Here’s the hard truth: students do not get paid in medical school! Even worse, you’ll likely borrow up to $25,000 a year. Medical students who receive money during medical school have either part-time jobs or a Health Professions Scholarship Program (HPSP).

However, graduates can earn from $51,000 to $66,000 a year during medical residency!

The Difference Between Med School And Residency

There’s a lot of misinformation about medical school and postgraduate training.

Let me get this straight: medical residency is the in-hospital or in-clinic training that begins after completing medical school.

In many programs, it is only after a year of internship that interns enter residency. After three years of junior residency, the resident can become a senior resident doctor.

Graduates Get Paid During Medical Residency

During medical residency, students get paid because they work as a doctor, but only a little.
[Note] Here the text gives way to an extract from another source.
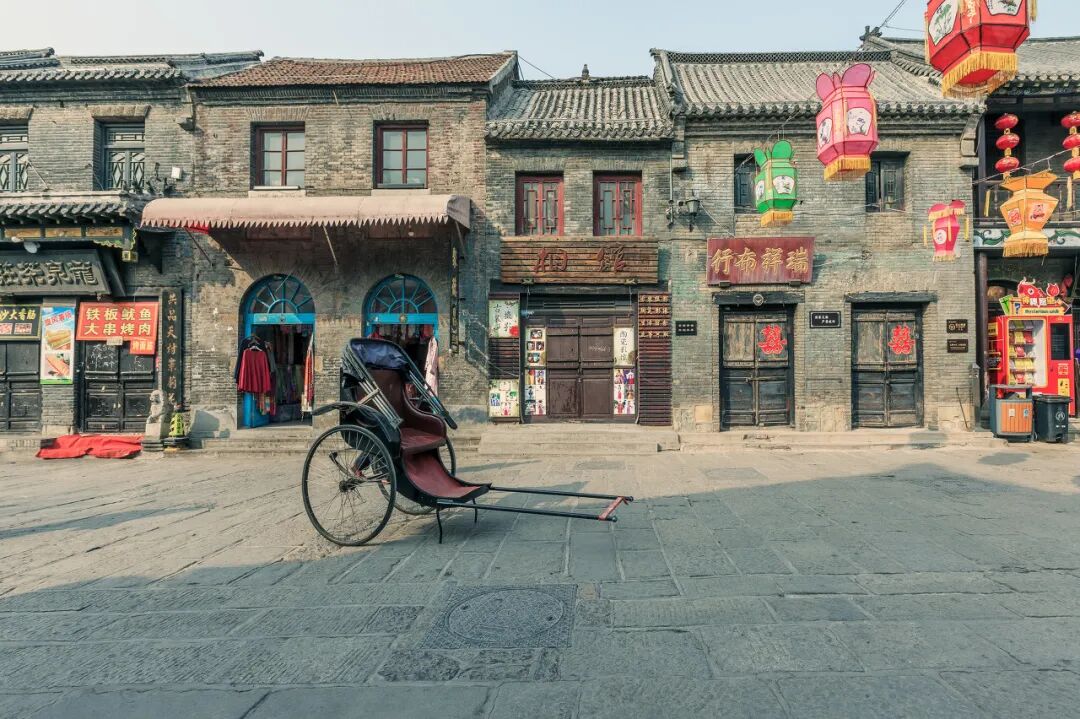 不是青岛！山东最“烟火”的小城，比丽江安逸，物价感人，美到心醉，凭一把烧烤让全国人民上瘾！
  • Medical residents earn an average of $63,400 a year. Those in their sixth through eighth years of medical residency earn more. During the years of training, salary increases at about 3 to 5k per year.
  • This translates to an average hourly pay of $20 per hour for those in the 10th percentile, while those in the 90th percentile get the highest rate of $31 per hour. 

While trainees in specializations such as allergy, hematology, rheumatology, and immunology average an annual salary of $69,500, those who train in family medicine earn $58,500 per annum. Surgical specialties typically pay more.

While this is about one-fourth of what a practicing physician earns, it is enough to rent a house or an apartment and pay for an acceptable standard of living during the training years. In addition, some internships and residencies provide meals during on-call hours.

The low pay for resident doctors in the United States is mainly because Medicare funds most residency programs, and the Medicare funds for training residents have been frozen since 1997

In addition, during their first year in residency, doctors do not generate revenue independently because they cannot bill for services independent of the attending physician supervising their practice.

The Bottom Line

Unless medical students find a job, they don’t get paid in medical school.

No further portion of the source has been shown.